Stored records:
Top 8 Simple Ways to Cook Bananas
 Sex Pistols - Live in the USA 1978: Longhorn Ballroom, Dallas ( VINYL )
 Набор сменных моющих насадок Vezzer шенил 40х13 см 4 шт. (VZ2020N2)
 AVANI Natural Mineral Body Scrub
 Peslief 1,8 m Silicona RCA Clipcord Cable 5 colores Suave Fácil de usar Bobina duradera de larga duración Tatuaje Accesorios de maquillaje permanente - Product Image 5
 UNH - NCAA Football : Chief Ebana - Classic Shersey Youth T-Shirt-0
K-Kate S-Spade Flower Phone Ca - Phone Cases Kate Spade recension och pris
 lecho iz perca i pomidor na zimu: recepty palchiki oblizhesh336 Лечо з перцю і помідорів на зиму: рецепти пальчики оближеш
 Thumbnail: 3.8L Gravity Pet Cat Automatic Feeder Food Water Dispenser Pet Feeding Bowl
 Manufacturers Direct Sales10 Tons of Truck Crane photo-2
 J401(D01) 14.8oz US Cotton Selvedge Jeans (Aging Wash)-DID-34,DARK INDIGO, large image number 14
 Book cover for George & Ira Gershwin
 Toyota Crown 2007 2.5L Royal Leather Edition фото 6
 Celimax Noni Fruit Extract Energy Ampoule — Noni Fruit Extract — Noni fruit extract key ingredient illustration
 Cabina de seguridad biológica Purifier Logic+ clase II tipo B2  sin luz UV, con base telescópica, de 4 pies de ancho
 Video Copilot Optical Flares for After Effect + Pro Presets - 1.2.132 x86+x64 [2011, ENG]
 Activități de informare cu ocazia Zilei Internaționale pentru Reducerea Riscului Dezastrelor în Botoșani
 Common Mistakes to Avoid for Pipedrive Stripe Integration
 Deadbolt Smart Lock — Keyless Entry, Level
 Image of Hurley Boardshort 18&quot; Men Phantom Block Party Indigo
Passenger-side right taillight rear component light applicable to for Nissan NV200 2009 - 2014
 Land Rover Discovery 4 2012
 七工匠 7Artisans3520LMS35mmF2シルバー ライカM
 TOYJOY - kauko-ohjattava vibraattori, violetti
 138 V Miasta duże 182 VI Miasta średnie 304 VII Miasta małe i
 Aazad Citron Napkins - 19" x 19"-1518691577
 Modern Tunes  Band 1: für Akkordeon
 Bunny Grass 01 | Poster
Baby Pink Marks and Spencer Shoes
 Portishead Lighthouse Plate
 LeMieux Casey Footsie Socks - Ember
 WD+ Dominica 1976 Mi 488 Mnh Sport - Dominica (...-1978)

→ Problem details:
Please be sure to repeat every entry exactly.

→ Completed task:
Top 8 Simple Ways to Cook Bananas
 Sex Pistols - Live in the USA 1978: Longhorn Ballroom, Dallas ( VINYL )
 Набор сменных моющих насадок Vezzer шенил 40х13 см 4 шт. (VZ2020N2)
 AVANI Natural Mineral Body Scrub
 Peslief 1,8 m Silicona RCA Clipcord Cable 5 colores Suave Fácil de usar Bobina duradera de larga duración Tatuaje Accesorios de maquillaje permanente - Product Image 5
 UNH - NCAA Football : Chief Ebana - Classic Shersey Youth T-Shirt-0
K-Kate S-Spade Flower Phone Ca - Phone Cases Kate Spade recension och pris
 lecho iz perca i pomidor na zimu: recepty palchiki oblizhesh336 Лечо з перцю і помідорів на зиму: рецепти пальчики оближеш
 Thumbnail: 3.8L Gravity Pet Cat Automatic Feeder Food Water Dispenser Pet Feeding Bowl
 Manufacturers Direct Sales10 Tons of Truck Crane photo-2
 J401(D01) 14.8oz US Cotton Selvedge Jeans (Aging Wash)-DID-34,DARK INDIGO, large image number 14
 Book cover for George & Ira Gershwin
 Toyota Crown 2007 2.5L Royal Leather Edition фото 6
 Celimax Noni Fruit Extract Energy Ampoule — Noni Fruit Extract — Noni fruit extract key ingredient illustration
 Cabina de seguridad biológica Purifier Logic+ clase II tipo B2  sin luz UV, con base telescópica, de 4 pies de ancho
 Video Copilot Optical Flares for After Effect + Pro Presets - 1.2.132 x86+x64 [2011, ENG]
 Activități de informare cu ocazia Zilei Internaționale pentru Reducerea Riscului Dezastrelor în Botoșani
 Common Mistakes to Avoid for Pipedrive Stripe Integration
 Deadbolt Smart Lock — Keyless Entry, Level
 Image of Hurley Boardshort 18&quot; Men Phantom Block Party Indigo
Passenger-side right taillight rear component light applicable to for Nissan NV200 2009 - 2014
 Land Rover Discovery 4 2012
 七工匠 7Artisans3520LMS35mmF2シルバー ライカM
 TOYJOY - kauko-ohjattava vibraattori, violetti
 138 V Miasta duże 182 VI Miasta średnie 304 VII Miasta małe i
 Aazad Citron Napkins - 19" x 19"-1518691577
 Modern Tunes  Band 1: für Akkordeon
 Bunny Grass 01 | Poster
Baby Pink Marks and Spencer Shoes
 Portishead Lighthouse Plate
 LeMieux Casey Footsie Socks - Ember
 WD+ Dominica 1976 Mi 488 Mnh Sport - Dominica (...-1978)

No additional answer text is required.